The final phase of God’s work, preparing us for and realizing in us true worship, is materialized in regeneration. Two things must be said here. First of all, we must understand that this phase of God’s work is not to be separated from the preceding. It is part of it. The Spirit of Christ is the Spirit of regeneration and it is through this work that He accomplishes His mission of bestowing upon us the benefits of Christ. Secondly, we use the term regeneration in this connection in a broad sense, so that included in it are all the phases or so-called steps in our salvation. It is not so that the Spirit regenerates and from that point the furtherance of the work is dependent upon man. The same Spirit bestows upon the regenerate the gift of faith, calls, justifies, sanctifies and ultimately glorifies them. Salvation is of God alone! But the point is that in this regenerative process the Holy Spirit brings the new creature into real, living fellowship with Christ. He incorporates the child of God into the body of Christ and makes him a living member of that body. In consequence of this the child of God begins to put off the old man of sin and all his deeds and walks in a new and holy life. This constitutes his worship. Worship, for the child of God, does not then consist in a weekly visit to God’s House, singing, praying, offering and listening to a sermon. Do not misunderstand this. This aspect of one’s worship is not to be minimized but, as we hope to have occasion to demonstrate later when we discuss the material of public worship, this aspect is very vital and fundamental and needs to be properly stressed. However, it remains but one aspect which, if isolated from the Christian’s life in the midst of the world, reverts to an empty formalism and becomes an abomination in the sight of God. Our point is that the worship in God’s House by the people of God must blossom out and become manifest in all their living as they give evidence of the regeneration of the Spirit in their walk in every sphere where they are called to labor. Then we worship God, not one day out of seven, but every day of the week. Our confession, so beautifully expressed in Lord’s Day 28 of the Heidelberg Catechism, then becomes a living reality, i.e., “That all the days of my life I cease from my evil works, and yield myself to the Lord, to work by His Holy Spirit in me: and thus begin in this life the eternal sabbath.”

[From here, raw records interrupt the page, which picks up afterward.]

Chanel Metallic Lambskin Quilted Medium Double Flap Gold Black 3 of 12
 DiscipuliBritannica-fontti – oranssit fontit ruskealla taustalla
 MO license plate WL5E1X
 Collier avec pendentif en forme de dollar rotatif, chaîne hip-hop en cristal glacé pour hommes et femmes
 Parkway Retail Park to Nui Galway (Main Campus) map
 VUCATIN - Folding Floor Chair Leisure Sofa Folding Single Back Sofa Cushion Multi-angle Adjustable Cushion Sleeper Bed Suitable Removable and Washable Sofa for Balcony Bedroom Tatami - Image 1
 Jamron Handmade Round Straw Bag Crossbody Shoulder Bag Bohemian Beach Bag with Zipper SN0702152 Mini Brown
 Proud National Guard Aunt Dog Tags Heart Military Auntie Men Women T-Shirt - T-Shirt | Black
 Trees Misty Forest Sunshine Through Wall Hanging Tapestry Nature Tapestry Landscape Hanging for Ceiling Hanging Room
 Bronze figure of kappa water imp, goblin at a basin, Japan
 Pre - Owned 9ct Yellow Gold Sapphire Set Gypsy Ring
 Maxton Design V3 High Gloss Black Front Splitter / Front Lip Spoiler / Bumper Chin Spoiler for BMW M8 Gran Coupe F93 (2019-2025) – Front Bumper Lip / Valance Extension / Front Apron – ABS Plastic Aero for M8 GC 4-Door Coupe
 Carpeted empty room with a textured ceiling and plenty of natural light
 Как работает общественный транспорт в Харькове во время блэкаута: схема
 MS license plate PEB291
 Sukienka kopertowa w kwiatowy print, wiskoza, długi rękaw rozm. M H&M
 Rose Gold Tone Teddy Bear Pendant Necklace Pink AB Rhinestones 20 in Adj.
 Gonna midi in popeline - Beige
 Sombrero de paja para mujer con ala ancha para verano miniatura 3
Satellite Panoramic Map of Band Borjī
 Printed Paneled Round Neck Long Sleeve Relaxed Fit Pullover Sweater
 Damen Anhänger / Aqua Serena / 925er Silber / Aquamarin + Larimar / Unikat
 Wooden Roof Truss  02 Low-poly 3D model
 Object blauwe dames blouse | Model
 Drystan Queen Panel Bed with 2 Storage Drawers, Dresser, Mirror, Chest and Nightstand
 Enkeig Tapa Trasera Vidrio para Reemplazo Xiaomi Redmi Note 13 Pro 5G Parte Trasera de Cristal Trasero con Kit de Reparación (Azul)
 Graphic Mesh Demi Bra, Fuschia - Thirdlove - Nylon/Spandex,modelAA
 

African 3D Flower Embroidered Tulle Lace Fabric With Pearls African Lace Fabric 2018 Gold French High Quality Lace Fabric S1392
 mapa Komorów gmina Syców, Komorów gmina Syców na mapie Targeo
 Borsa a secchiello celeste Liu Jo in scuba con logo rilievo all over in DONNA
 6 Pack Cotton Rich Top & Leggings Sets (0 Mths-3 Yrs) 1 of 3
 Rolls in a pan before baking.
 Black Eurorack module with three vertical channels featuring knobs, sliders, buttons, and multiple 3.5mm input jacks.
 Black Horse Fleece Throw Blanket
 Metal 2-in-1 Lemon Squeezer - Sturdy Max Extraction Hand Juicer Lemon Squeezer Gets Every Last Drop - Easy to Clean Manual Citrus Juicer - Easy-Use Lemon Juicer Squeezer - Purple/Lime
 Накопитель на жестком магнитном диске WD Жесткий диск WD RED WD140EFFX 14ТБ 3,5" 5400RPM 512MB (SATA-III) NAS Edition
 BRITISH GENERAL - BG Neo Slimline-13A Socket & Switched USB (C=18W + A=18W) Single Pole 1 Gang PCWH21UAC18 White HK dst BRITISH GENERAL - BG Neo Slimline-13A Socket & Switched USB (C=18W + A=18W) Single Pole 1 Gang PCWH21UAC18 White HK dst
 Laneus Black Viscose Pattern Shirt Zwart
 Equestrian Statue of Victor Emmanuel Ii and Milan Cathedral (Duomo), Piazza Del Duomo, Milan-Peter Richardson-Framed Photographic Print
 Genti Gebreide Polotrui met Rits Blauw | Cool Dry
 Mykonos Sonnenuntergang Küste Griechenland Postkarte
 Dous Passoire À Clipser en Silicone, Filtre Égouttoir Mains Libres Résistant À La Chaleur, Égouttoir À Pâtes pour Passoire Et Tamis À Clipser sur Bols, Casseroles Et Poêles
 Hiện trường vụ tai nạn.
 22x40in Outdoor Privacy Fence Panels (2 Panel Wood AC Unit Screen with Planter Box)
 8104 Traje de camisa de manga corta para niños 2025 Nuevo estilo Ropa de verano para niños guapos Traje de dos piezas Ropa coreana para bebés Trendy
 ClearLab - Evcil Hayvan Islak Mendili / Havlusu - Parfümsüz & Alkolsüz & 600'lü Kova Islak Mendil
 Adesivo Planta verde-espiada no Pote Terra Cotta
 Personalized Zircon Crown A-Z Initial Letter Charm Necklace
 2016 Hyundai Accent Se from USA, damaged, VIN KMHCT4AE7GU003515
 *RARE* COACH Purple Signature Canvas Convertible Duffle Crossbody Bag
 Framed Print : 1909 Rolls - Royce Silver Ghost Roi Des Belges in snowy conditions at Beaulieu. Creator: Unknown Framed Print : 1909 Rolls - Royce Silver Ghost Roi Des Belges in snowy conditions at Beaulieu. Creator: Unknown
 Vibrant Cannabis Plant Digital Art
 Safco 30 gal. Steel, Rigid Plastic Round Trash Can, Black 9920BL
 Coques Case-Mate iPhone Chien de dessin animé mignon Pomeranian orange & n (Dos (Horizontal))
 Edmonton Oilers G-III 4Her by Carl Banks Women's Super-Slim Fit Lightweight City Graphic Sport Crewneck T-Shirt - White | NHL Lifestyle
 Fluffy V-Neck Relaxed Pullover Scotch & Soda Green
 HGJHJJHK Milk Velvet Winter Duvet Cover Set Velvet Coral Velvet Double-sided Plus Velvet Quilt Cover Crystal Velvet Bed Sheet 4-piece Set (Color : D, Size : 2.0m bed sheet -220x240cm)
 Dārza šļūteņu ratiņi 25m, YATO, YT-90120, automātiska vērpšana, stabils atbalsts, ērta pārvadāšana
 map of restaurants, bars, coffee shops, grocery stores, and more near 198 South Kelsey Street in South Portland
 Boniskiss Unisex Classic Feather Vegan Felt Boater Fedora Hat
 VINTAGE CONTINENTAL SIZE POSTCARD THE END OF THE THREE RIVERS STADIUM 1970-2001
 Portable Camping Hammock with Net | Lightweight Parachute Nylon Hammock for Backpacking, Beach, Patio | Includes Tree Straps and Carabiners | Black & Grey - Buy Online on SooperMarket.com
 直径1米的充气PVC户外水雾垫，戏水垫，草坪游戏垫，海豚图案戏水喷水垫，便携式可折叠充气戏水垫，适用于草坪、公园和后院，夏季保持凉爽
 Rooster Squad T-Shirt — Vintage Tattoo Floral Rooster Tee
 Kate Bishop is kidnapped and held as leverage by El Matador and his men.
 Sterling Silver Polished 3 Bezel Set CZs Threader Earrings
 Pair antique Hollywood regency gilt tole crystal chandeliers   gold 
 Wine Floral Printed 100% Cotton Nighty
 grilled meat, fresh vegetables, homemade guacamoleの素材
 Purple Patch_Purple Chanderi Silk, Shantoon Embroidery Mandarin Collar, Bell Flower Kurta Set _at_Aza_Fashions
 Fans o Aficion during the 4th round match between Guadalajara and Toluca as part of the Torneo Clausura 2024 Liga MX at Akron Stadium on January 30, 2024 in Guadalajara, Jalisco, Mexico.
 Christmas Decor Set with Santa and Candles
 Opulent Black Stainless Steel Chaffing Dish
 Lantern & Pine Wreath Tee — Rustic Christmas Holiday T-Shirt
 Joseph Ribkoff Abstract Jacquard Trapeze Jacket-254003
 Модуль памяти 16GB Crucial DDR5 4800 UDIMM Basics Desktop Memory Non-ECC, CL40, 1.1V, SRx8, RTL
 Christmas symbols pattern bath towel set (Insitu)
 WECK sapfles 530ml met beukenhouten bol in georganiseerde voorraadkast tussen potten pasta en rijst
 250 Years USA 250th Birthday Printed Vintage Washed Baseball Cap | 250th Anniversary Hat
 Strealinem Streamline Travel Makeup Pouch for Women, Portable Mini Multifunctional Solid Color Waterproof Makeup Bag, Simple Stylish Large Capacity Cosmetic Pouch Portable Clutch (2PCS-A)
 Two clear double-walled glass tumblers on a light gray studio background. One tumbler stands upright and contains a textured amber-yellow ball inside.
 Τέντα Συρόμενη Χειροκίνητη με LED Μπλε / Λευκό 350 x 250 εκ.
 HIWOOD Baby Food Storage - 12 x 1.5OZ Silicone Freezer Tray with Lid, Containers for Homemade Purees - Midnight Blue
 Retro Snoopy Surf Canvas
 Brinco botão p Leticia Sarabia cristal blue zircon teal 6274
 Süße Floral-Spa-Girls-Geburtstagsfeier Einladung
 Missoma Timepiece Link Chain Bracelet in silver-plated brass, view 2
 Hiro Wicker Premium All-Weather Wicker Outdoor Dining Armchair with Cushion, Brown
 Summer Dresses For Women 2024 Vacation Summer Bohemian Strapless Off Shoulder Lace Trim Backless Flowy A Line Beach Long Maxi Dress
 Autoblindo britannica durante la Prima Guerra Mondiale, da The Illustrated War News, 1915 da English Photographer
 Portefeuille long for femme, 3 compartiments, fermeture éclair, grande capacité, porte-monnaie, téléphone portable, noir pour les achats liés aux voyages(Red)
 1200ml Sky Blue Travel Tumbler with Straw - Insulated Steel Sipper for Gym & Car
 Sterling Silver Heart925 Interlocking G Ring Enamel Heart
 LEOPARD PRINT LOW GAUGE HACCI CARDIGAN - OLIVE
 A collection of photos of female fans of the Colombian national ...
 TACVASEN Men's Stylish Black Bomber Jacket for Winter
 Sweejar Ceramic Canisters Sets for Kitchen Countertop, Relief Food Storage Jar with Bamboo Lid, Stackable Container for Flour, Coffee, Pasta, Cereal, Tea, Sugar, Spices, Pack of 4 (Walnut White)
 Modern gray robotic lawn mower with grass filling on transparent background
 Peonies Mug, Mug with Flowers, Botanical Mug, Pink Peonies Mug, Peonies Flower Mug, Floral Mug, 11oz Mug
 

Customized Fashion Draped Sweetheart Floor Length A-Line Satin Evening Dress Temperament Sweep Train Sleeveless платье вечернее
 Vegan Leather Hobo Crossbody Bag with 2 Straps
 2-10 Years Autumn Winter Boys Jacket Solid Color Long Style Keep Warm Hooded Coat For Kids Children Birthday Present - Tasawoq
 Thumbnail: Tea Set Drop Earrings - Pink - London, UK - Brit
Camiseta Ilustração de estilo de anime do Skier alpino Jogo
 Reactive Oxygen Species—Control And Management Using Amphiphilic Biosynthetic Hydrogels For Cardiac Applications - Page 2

In view of all this it is evident, is it not, that God’s work is not yet made perfect in us? Do we not then realize that there is so very much to be desired in the improvement of our worship, that is, our living? Let each of us look at ourselves and let us also look at the church collectively to be thoroughly convinced of this. And when we realize this, do not our hearts burn for the House of God where we may gather about His Word to learn more and more of His will concerning our lives? Will we not then long for the Sabbath as well as diligently use the opportunities that are given us during the week in our various church-societies to search the Scriptures so that our lives may be enriched by them? Then the communion of saints becomes more than a creedal matter. It becomes a living experience that in a beautiful way expresses the worship of the people of God.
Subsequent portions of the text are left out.